Here’s the fourth section of my Garage Blackboard Lectures talk on particularism. I’m finally getting into an actual explanation of what particularists believe:
Now the particularist doesn’t like the science-like approach to ethics at all. And that’s because the particularist has a view about reasons that’s very interesting. Jonathan Dancy, perhaps the best-known particularist currently writing, begins one of his books by comparing reasons to rats. If you put two or more rats together, it’s very hard to predict what they’ll do. They might fight, they might ignore each other, they might have any kind of relationship. And the particularist thinks it’s the same with moral reasons. The landscape of moral reasons is horrendously complicated – certainly too complicated for general principles.
Here’s an example from Dancy. Say you’re visiting a friend in LA, and she asks if there’s any dietary restrictions you have. You tell her that you don’t eat veal, because you think it’s unethical. She replies: “yes, the conditions in which they keep those calves are terrible – and besides, it’s impossible to get good veal in Los Angeles anyway!” Now those two reasons are both reasons not to eat veal. But there’s a kind of inconsistency in putting them together that makes them weaker than either reason would be by itself.
In technical terms, moral reasons form organic unities. The concept of an organic unity was popularized in 1903 by G.E. Moore (who obliquely attributed the idea to Hegel). Moore’s idea – which particularists more or less agree with – was that in any given case, the set of relevant moral considerations combines in weird ways to form one general consideration. You can’t figure out your moral obligation by just listing the various considerations for or against – you have to take a good, holistic look at how these considerations combine to form a whole.

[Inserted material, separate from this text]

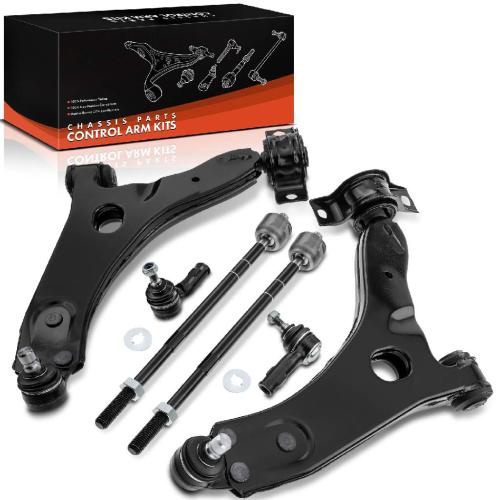 1x Querlenker Satz Vorderachse für Ford Focus DAW DBW Focus Stufenheck DFW Focus Turnier DNW 1998-2005 Bild 1x Querlenker Satz Vorderachse für Ford Focus DAW DBW Focus Stufenheck DFW Focus Turnier DNW 1998-2005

So. Particularists think that our moral reasons tend to combine in complicated, unpredictable ways. We think that any principle like “murder is wrong” or “we should create happiness” is going to be unhelpful: not only are there going to be a ton of exceptions, but there’s no way to predict in advance how all our principles are going to interact in cases of conflict. Hardcore particularists conclude that there just don’t exist any good moral principles. More modest particularists think that good moral principles might exist, but we don’t need them. The real task of ethics is not going to be figuring out or applying principles, but getting a good look at what exactly is going on in any particular case.